What you have to do: Report every line below that holds the word "property".

Working data:
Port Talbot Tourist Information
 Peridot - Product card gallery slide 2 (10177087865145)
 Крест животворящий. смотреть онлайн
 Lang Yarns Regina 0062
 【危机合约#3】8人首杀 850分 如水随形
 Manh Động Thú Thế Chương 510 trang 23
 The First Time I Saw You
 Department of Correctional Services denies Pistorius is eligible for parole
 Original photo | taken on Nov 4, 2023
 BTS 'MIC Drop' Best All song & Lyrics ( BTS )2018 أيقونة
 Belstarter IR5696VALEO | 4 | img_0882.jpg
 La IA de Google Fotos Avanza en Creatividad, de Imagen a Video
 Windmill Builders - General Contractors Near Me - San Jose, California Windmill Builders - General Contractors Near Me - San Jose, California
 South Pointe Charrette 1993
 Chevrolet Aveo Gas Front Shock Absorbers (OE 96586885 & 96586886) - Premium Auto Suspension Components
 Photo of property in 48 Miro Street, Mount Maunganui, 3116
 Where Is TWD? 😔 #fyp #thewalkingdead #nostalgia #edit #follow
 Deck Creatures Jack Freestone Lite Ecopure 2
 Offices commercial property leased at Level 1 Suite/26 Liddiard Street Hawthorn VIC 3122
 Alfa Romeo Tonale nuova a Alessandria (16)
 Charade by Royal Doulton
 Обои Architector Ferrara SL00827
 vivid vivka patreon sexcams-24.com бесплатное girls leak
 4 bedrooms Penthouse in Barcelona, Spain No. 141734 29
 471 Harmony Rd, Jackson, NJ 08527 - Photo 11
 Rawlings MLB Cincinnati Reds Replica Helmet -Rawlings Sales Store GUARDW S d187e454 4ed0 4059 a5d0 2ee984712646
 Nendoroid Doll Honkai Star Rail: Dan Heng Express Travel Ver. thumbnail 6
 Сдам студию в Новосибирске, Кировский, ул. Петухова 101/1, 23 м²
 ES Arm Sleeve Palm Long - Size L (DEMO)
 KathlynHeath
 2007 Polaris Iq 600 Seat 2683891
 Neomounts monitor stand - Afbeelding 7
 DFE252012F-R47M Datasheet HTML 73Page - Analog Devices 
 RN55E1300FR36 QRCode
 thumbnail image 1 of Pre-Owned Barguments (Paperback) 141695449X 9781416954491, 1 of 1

Solution for this problem:
 Photo of property in 48 Miro Street, Mount Maunganui, 3116
 Offices commercial property leased at Level 1 Suite/26 Liddiard Street Hawthorn VIC 3122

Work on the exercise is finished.